It's almost 10pm on Thursday night. I was not in the Prudential Center last night to witness Anze Kopitar's game winning goal and I didn't make it to Joe Louis Arena today to cover Nicklas Lidstrom's press conference. Even if I had, there is nothing I could write in this space at this time with regards to reporting that hasn't already been written by the game's greatest writers.
Instead, I will just offer a few quick thoughts on each from one fan's perspective.
Kopitar's Overtime Winner
My favorite part about that goal? Kopitar finished by sliding the puck into the net along the ice. Whether you choose to deke to your forehand or backhand, unless you have the goaltender completely beat, players are generally taught to finish by putting the puck up top. A good goaltender will, even if fooled, be able to spread their legs to cover the bottom portion of the net from post to post on a breakaway. Therefore, getting the puck at the very least above the grounded pad often becomes essential.

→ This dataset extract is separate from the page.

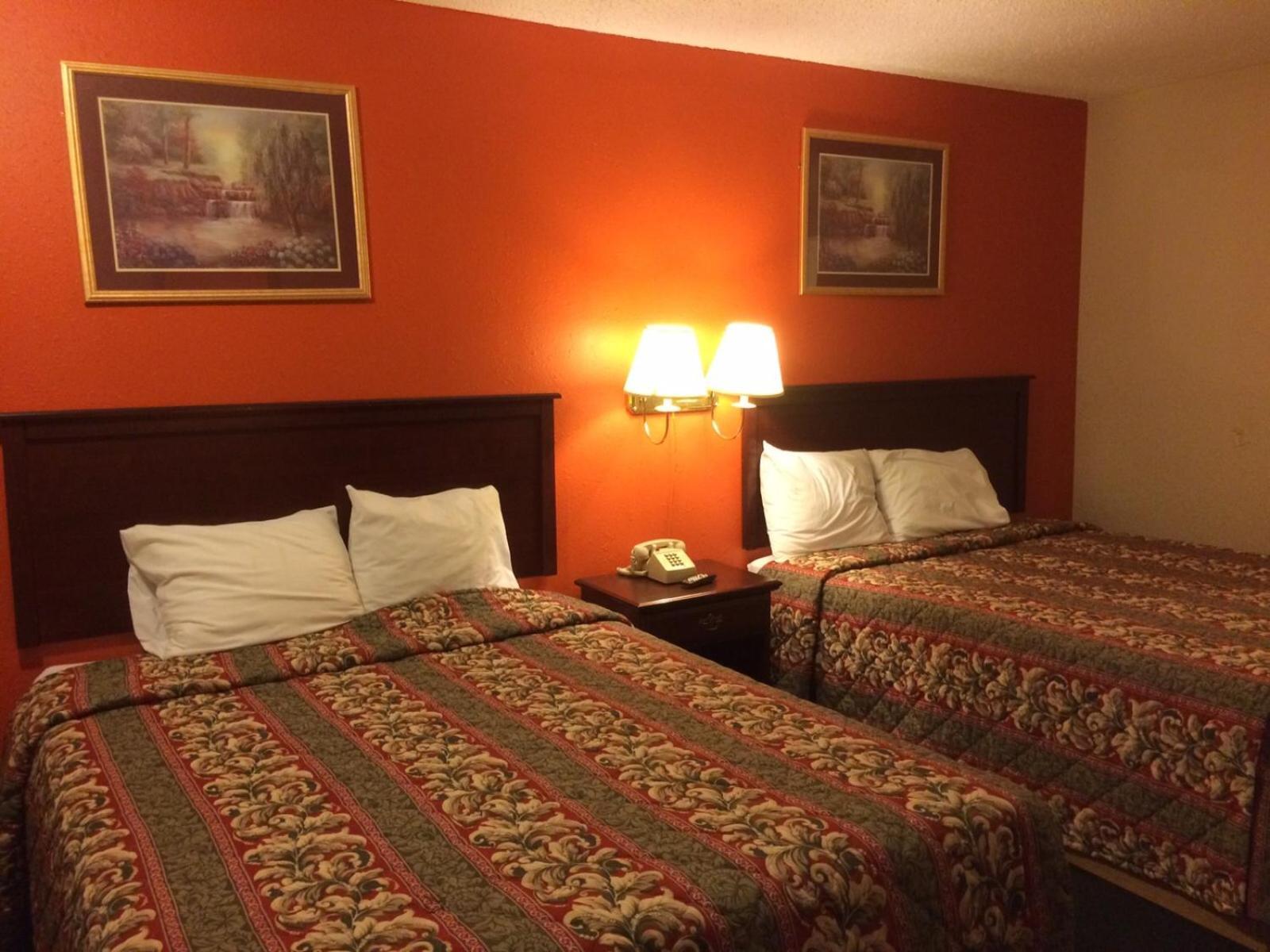 Relax Inn Henryetta 部屋 写真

Marty Brodeur isn't a good goaltender. He is one of, if not the, greatest ever to play the position. He is brilliant at what he does. He is also slightly unorthodox in certain situations. Kopitar knew this, because he too is one of the best in the game today at what he does.

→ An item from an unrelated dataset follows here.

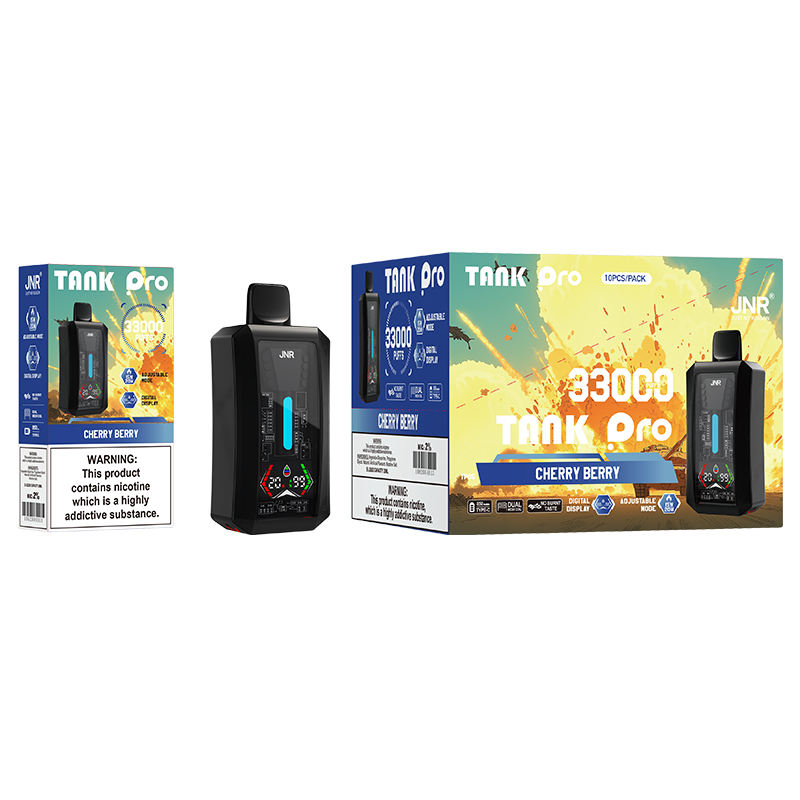 Tank Pro 33000 puffs Disposable Vape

Brodeur made a save in the Eastern Conference Finals on a streaking Marian Gaborik few in the world could have or would have thought to make. When he was all but beaten he threw his right leg up seemingly in an act of desperation and made a save that earned him top billing on Sportscenter for the better part of a week. Last night, it was Kopitar who beat Brodeur and Brodeur raised that same leg. Kopitar countered not by trying to go over, but by sliding the puck under the rising pad. It was like a fantastic chess match with the Slovenian star coming out on top by going "downstairs" and giving the Kings the Game 1 victory.
Lidstrom Walks Away On His Own Terms
Another story that will deserve all of the media attention it gets in the coming weeks. John Kreiser wrote a fantastic article on Sportsideo earlier today about the career of one of the game's all time greats and personal experiences he had with his encounters with Lidstrom in years past. Check it out and take a moment to let just a few of the mind boggling stats the talented Swede compiled over the years.

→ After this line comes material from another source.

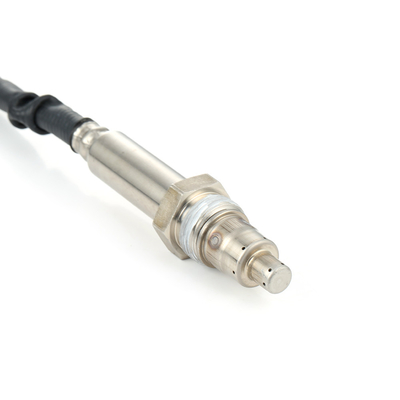 Sensor del NOx del coche del negro del OEM 12V para BMW E81 E88 E90 5WK96621H 758713003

The numbers that may go less appreciated but caught my eye were regarding Lidstrom's durability and consistency. In 20 seasons he missed just 44 games. Red Wings GM Ken Holland has some wiggle room with regards to the cap with the defenseman's departure, but the organization has already made it clear that you cannot replace a player like that with any one signing.
The other stat that amazed me was his plus-minus number of +450. Of all the numbers that reinforce the fact that he was without peer for two full decades, that number may very well be the greatest (though the 7 Norris Trophies are not bad either). Jaromir Jagr finished this season second among active players behind Lidstrom in that category. He was +280. I won't waste another sentence trying to explain just how dominant that stat is.
I will say I saw a quote earlier saying Lidstrom was the greatest Swedish born player of all time and in the days ahead experts and novice fans alike will debate his place in the game's history. I will go ahead and say it is a waste of time discussing his place among his Countrymen, fellow defensemen, and players who skated alongside or against him in his era. He is without a doubt one of the 10 greatest hockey players ever to step foot on the planet and it has been an absolute privilege to have watched him play.